What you should do: Search the records for lines with the word "background" and copy each match.

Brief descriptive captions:
▶
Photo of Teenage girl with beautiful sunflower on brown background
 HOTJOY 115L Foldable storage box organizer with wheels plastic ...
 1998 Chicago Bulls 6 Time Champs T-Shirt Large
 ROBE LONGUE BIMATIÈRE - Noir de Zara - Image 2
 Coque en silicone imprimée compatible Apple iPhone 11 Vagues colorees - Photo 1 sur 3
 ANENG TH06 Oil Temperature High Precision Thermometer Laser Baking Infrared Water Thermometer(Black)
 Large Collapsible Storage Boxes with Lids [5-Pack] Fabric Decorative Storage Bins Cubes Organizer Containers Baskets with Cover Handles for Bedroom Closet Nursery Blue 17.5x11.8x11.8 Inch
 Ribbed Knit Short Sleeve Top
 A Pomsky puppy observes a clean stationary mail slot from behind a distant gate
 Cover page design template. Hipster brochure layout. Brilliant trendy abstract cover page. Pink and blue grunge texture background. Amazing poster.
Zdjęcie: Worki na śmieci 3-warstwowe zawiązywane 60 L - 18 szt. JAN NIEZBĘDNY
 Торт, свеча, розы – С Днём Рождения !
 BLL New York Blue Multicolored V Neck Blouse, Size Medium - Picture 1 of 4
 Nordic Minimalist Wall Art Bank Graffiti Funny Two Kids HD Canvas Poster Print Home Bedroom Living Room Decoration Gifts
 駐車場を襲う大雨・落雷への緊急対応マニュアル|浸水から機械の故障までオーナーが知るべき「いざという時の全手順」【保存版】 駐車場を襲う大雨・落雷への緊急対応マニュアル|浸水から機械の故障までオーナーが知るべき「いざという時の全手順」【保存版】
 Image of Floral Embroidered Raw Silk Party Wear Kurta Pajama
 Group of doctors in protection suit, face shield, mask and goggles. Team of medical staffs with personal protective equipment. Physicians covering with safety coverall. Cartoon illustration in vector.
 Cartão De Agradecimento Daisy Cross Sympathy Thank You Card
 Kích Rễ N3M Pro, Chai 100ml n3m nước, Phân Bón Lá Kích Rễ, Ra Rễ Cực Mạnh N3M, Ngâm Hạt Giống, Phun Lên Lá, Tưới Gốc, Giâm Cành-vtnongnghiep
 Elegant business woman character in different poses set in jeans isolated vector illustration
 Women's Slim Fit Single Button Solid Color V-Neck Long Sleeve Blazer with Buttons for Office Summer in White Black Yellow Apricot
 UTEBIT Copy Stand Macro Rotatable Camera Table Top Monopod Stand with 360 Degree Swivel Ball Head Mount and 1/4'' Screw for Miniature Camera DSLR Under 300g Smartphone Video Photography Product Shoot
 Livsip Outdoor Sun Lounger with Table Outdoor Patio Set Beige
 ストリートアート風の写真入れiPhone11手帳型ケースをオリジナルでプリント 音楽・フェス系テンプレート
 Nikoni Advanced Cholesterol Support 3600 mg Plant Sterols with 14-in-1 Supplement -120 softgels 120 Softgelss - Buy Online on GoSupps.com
◀
Response to the task:
Photo of Teenage girl with beautiful sunflower on brown background
 Cover page design template. Hipster brochure layout. Brilliant trendy abstract cover page. Pink and blue grunge texture background. Amazing poster.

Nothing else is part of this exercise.